S’intitola Suono N’Uovo l’intervento di Massimiliano Alajmo sul palco dell’auditorium di questa diciannovesima edizione di Identità Golose, e il gioco di parole racchiude in nuce i contenuti di una delle condivisioni – termine che lo chef delle Calandre, presentato dal direttore di Food&Wine Italia Federico De Cesare Viola, preferisce a quello di lezione anticipando anche l’importanza attribuita al lessico e all’uso ragionato delle parole – più stimolanti dell’appuntamento milanese. Non nuovo alle riflessioni sulle diverse sollecitazioni sensoriali espresse dai piatti, né tantomeno ai processi che contribuiscono alla percezione dei sapori, Alajmo conduce il pubblico in un excursus che esula dalla cucina in senso stretto – ma da lì parte, con il suo portato sensoriale, di memoria, di emozioni – per intenderla come mezzo di indagine personale.
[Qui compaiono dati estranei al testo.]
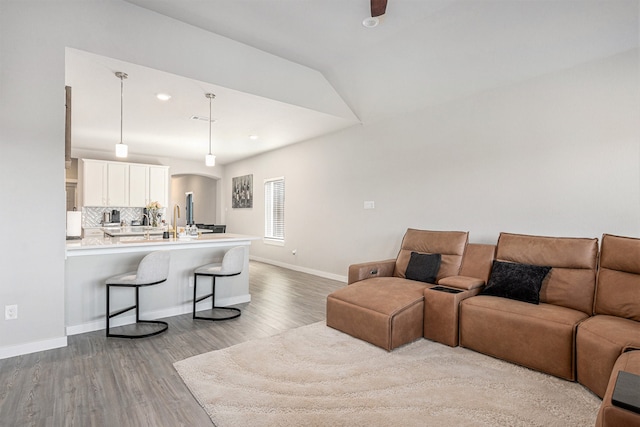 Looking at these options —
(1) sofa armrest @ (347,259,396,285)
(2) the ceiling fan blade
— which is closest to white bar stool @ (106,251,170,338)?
(1) sofa armrest @ (347,259,396,285)

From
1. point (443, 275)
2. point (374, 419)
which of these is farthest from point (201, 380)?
point (443, 275)

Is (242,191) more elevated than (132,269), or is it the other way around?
(242,191)

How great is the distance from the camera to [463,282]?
3197mm

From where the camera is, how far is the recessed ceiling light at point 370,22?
3.29 meters

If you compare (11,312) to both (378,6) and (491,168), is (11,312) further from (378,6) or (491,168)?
(491,168)

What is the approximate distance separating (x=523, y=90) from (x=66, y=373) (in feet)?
16.5

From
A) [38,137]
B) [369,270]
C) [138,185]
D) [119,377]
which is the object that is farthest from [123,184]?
[369,270]

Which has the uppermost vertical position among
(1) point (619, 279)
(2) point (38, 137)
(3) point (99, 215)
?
(2) point (38, 137)

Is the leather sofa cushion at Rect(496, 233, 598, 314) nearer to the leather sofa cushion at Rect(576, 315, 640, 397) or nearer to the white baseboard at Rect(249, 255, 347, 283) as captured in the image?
the leather sofa cushion at Rect(576, 315, 640, 397)

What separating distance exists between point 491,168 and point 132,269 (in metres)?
4.32

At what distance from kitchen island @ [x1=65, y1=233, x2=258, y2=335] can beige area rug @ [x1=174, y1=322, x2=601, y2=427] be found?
1388 millimetres

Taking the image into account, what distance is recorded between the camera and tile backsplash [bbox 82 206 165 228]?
7.43 metres

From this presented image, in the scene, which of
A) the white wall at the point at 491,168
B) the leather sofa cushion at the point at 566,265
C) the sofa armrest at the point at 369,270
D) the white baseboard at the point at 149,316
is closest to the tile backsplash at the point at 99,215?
the white wall at the point at 491,168

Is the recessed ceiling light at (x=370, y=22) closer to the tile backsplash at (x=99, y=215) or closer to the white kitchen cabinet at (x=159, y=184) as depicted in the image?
the white kitchen cabinet at (x=159, y=184) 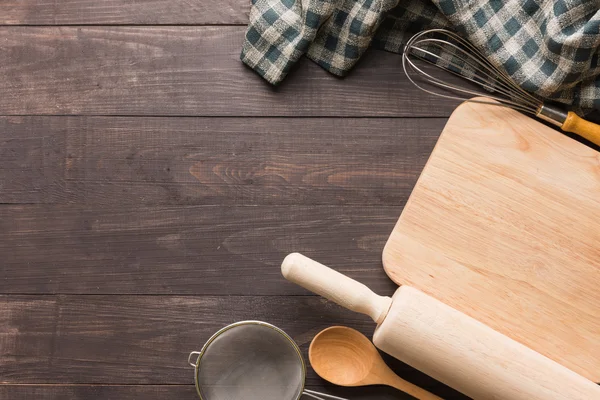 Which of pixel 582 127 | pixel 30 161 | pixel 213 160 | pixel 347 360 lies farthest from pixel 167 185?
pixel 582 127

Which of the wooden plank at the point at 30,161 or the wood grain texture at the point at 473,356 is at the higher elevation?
the wood grain texture at the point at 473,356

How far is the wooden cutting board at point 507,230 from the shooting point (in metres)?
0.72

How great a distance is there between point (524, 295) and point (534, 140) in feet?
0.63

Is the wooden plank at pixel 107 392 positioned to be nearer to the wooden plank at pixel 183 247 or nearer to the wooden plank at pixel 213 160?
the wooden plank at pixel 183 247

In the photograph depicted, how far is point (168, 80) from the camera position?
803mm

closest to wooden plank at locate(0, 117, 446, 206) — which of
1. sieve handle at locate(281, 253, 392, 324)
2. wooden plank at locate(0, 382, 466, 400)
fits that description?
sieve handle at locate(281, 253, 392, 324)

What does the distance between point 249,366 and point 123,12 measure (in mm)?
502

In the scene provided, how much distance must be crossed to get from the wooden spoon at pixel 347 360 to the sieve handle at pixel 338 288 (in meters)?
0.08

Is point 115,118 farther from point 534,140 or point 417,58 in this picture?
point 534,140

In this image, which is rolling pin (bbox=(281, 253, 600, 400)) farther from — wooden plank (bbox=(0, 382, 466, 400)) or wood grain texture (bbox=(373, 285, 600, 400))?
wooden plank (bbox=(0, 382, 466, 400))

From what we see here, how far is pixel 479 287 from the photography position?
726 mm

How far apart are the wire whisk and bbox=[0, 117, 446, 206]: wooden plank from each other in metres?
0.05

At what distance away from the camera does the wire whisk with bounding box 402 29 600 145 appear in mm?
766

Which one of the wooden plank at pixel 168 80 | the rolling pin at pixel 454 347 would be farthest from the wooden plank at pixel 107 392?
the wooden plank at pixel 168 80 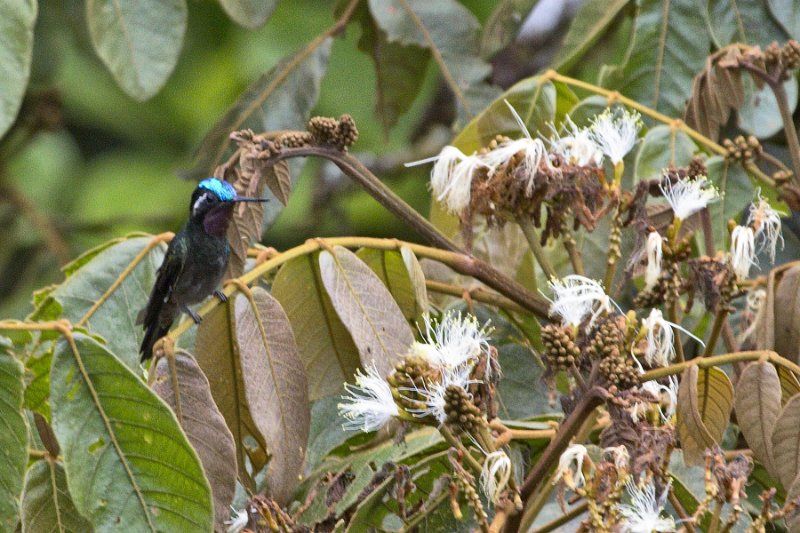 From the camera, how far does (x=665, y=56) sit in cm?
289

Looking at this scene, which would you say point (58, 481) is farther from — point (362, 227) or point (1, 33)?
point (362, 227)

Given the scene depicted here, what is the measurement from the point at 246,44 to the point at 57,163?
1902 mm

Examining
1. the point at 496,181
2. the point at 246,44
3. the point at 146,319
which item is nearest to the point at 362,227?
the point at 246,44

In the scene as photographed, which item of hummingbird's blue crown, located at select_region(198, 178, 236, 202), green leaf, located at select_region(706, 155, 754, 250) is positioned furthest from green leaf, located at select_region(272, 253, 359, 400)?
green leaf, located at select_region(706, 155, 754, 250)

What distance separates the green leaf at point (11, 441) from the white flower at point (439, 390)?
0.57 m

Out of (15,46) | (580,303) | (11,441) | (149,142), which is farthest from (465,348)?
(149,142)

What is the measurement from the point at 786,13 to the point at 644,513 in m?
1.80

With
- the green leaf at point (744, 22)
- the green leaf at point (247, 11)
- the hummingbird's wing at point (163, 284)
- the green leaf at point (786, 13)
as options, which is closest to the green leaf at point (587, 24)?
the green leaf at point (744, 22)

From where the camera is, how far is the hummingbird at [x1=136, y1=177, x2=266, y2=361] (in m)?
2.43

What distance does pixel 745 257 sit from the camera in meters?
1.90

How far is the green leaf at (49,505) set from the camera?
1.83m

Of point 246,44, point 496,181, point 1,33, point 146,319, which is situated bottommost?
point 246,44

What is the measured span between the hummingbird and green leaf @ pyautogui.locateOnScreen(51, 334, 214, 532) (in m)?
0.50

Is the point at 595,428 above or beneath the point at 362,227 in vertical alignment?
above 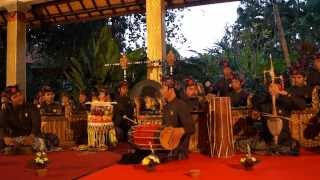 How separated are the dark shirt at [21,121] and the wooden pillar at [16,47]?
430 centimetres

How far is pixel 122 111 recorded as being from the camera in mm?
9266

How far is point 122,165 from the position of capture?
6.31 metres

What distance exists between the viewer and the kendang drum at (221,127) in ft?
22.8

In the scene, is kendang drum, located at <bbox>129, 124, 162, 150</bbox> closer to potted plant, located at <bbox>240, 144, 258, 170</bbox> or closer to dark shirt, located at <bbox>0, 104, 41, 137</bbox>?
potted plant, located at <bbox>240, 144, 258, 170</bbox>

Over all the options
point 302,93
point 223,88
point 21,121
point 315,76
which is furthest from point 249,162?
point 21,121

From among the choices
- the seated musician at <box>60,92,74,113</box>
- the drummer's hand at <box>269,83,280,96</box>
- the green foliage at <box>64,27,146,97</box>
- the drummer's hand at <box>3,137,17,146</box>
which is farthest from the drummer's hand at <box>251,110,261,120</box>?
the green foliage at <box>64,27,146,97</box>

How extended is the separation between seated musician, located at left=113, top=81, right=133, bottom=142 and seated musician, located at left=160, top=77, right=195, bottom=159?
2.44m

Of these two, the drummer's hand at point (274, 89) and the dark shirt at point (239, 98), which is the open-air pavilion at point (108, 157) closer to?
the drummer's hand at point (274, 89)

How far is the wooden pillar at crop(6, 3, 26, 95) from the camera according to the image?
12359mm

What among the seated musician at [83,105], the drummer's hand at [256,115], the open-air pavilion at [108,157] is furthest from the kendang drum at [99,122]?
the drummer's hand at [256,115]

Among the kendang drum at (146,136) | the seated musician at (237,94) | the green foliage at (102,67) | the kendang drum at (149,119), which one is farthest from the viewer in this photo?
the green foliage at (102,67)

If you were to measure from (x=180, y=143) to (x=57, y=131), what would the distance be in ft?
11.2

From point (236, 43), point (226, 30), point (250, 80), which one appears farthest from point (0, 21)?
point (226, 30)

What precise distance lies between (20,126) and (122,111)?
2070mm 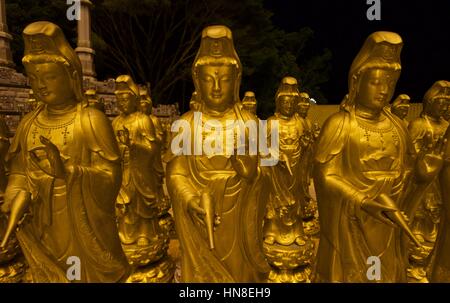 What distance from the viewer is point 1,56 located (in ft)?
38.7

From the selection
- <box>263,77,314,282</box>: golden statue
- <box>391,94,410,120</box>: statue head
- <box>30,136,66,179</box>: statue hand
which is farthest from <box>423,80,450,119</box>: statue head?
<box>30,136,66,179</box>: statue hand

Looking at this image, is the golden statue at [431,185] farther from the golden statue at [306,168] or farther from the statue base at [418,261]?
the golden statue at [306,168]

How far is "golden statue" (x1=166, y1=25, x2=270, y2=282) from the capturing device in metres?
2.22

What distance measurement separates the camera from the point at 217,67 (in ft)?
7.19

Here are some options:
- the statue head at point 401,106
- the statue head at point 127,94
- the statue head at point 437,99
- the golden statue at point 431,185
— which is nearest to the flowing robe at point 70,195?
the statue head at point 127,94

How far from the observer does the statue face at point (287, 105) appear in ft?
12.7

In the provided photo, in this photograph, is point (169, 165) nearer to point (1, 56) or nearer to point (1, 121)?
point (1, 121)

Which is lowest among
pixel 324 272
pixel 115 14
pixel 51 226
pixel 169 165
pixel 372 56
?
pixel 324 272

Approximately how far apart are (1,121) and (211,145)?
2.02 meters

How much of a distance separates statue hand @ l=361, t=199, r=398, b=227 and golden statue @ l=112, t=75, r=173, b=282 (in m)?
2.34

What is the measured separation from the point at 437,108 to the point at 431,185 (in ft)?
2.51

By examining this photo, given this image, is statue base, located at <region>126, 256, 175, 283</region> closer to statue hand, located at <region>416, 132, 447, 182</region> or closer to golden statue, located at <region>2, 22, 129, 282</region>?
golden statue, located at <region>2, 22, 129, 282</region>

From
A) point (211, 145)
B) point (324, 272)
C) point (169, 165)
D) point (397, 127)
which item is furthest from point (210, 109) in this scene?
point (324, 272)

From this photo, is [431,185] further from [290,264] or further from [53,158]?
[53,158] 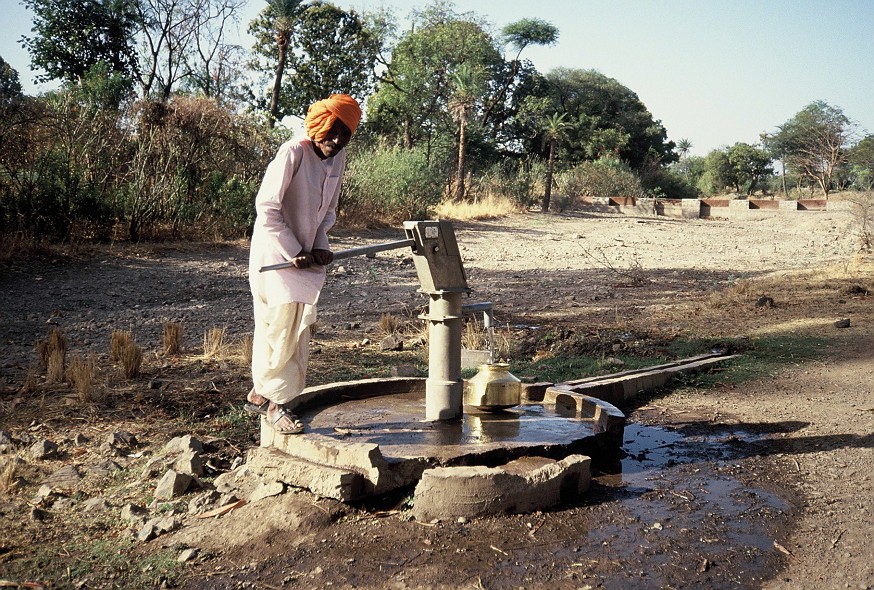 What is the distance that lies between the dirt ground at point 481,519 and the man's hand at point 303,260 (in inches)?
38.8

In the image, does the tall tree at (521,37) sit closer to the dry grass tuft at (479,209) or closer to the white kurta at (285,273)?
the dry grass tuft at (479,209)

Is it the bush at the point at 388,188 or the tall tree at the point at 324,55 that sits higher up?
the tall tree at the point at 324,55

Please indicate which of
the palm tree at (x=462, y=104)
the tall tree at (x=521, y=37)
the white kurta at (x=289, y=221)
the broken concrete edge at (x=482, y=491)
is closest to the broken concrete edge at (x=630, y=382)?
the broken concrete edge at (x=482, y=491)

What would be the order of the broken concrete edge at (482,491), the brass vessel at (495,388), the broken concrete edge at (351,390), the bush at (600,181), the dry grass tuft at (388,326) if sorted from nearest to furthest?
the broken concrete edge at (482,491) < the brass vessel at (495,388) < the broken concrete edge at (351,390) < the dry grass tuft at (388,326) < the bush at (600,181)

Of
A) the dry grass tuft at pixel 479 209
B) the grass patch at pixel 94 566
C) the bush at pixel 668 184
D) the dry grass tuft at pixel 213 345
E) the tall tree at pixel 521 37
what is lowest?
the grass patch at pixel 94 566

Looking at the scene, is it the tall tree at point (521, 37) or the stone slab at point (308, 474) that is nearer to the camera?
the stone slab at point (308, 474)

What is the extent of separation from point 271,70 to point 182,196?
62.7 feet

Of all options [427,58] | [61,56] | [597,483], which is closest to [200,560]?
[597,483]

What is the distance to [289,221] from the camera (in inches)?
157

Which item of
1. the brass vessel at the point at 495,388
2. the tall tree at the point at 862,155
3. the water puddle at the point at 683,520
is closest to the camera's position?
the water puddle at the point at 683,520

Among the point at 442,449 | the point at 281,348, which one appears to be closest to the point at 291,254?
the point at 281,348

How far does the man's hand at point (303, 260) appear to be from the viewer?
3.75 meters

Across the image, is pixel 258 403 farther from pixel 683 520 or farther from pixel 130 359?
pixel 130 359

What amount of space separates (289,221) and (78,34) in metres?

L’oggetto della sua ricerca in questo caso è un uovo, emblema di nascita e rinascita, protagonista di infinite (e in parte ancora inesplorate) possibilità gastronomiche, partendo da un ricordo d’infanzia: la nonna ogni domenica gli dava un cucchiaino di miele con del guscio d’uovo in polvere per la calcificazione delle ossa, lasciandogli impresso lo scricchiolio prodotto dal boccone. Così, lui e il suo team – ad accompagnarlo sul palco i sous-chef Michele Cremasco e Luca Torello – hanno scelto di lavorare sulla pasta (all’uovo, naturalmente) uscendo dalla dicotomia solo tuorlo/albume e tuorlo per usarlo nella sua interezza, vale a dire con il guscio che viene sanificato con vapore e forno, polverizzato e aggiunto alla pasta. Le tagliatelle così ottenute, spadellate con burro nocciola allungato con un estratto di sedano rapa e Parmigiano Reggiano, avvolte da un’elegante fonduta di Castelmagno con latte vegetale, che ne esalta il profumo, e doppio brodo concentrato di gallina – servito anche a parte in tazza, da bere dopo la pasta ma che anticipa alcune sensazioni già con il solo profumo – e ultimate da erbe aromatiche essiccate (timo, maggiorana, alloro e salvia), restituiscono un gusto ricco e pieno, che sa di pascoli e profumi di montagna.
Ma, andando oltre l’aspetto puramente gustativo ed edonistico della pietanza, Alajmo si concentra sulla percezione profonda e personale lavorando come aveva già fatto in precedenza con altri piatti sul suono (e sulla sua assenza) per amplificarne le note: la pasta viene servita con dei tappi per le orecchie, che escludono il “rumore” esterno creando una condizione quasi amniotica e permettendo di concentrarsi sulla masticazione e di percepire il suono prodotto dai granelli di guscio d’uovo nell’impasto. Suono che riporta a sensazioni di sabbiosità (elemento normalmente considerato un difetto in cucina) ma poi anche di croccantezza piacevole e, soprattutto, percepita da ciascuno in maniera diversa e personale fondendo i diversi stimoli sensoriali, come viene efficacemente raccontato – non essendoci la possibilità di replicare l’assaggio in sala – da un video “sinestetico” che riesce in qualche modo a rendere l’effetto di una “degustazione acustica”. Perché, come riassume efficacemente lo stesso Alajmo nella chiusura del video, «ascoltare la materia significa divenirne parte, per comprendere anche per un brevissimo istante che parla di noi».